Acquired hypogammaglobulinemia or secondary immunodeficiency (SID) occurs commonly in hematological malignancies with increasing incidence and complexity in the era of modern therapies. Despite current practice of immunoglobulin replacement (IgRT) in SID, the evidence is lacking, especially for newer treatments. We discuss the current evidence for IgRT in various disease groups including issues, such as actual or ideal body weight (IBW)-based dosing, length of treatment, antibiotic prophylaxis, and vaccination. Incidence of SID with newer treatment is lacking. While there is a trend toward decreased respiratory infections and hospitalizations with IgRT, this is not consistent across all disease course or treatment groups.

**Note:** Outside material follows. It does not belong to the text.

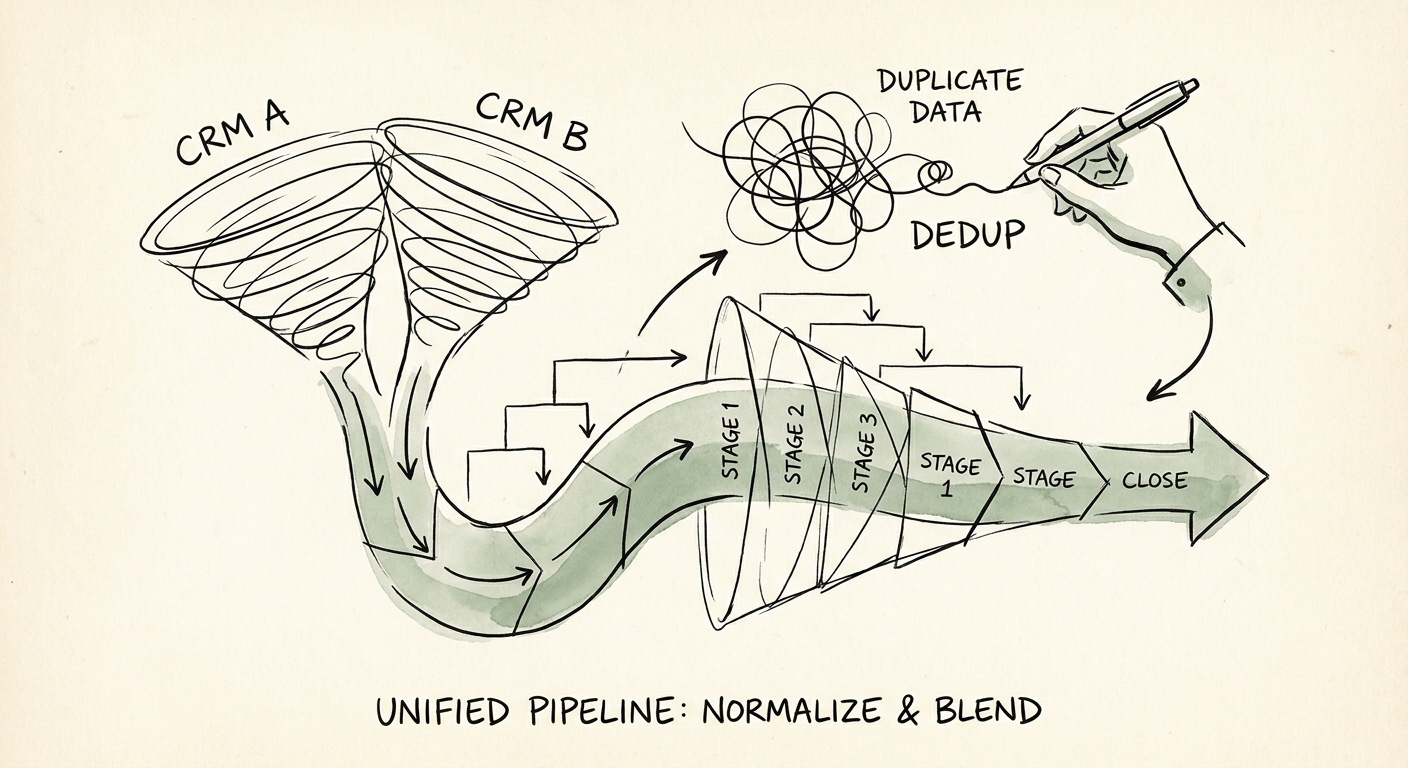 Pipeline stage normalization after a merger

Dosing and indications for cessation of IgRT are also inadequately characterized. Further randomized controlled trials (RCTs) and observational studies are required to assess the optimal indications, timing, and duration of IgRT to improve the efficacy, safety, and cost-effectiveness. Assessment of alternative and adjunctive therapies, such as vaccination and antibiotic prophylaxis could also improve the outcomes and costs.

Keywords:

• Acquired hypogammaglobulinemia
• lymphoma
• myeloma
• chemotherapy
• immunoglobulin replacement
• novel therapies

Disclosure statement

BWT has received research funding from MSD, Seqirus, and Sanofi and is on the advisory board for CSL-Behring and Takeda.

DT chairs the Hematology Specialist Working Group (SWG) at the National Blood Authority (NBA), has received research funding from Roche and Janssen, and is on the advisory boards for CSL-Behring and Takeda.

The other authors report no competing interests.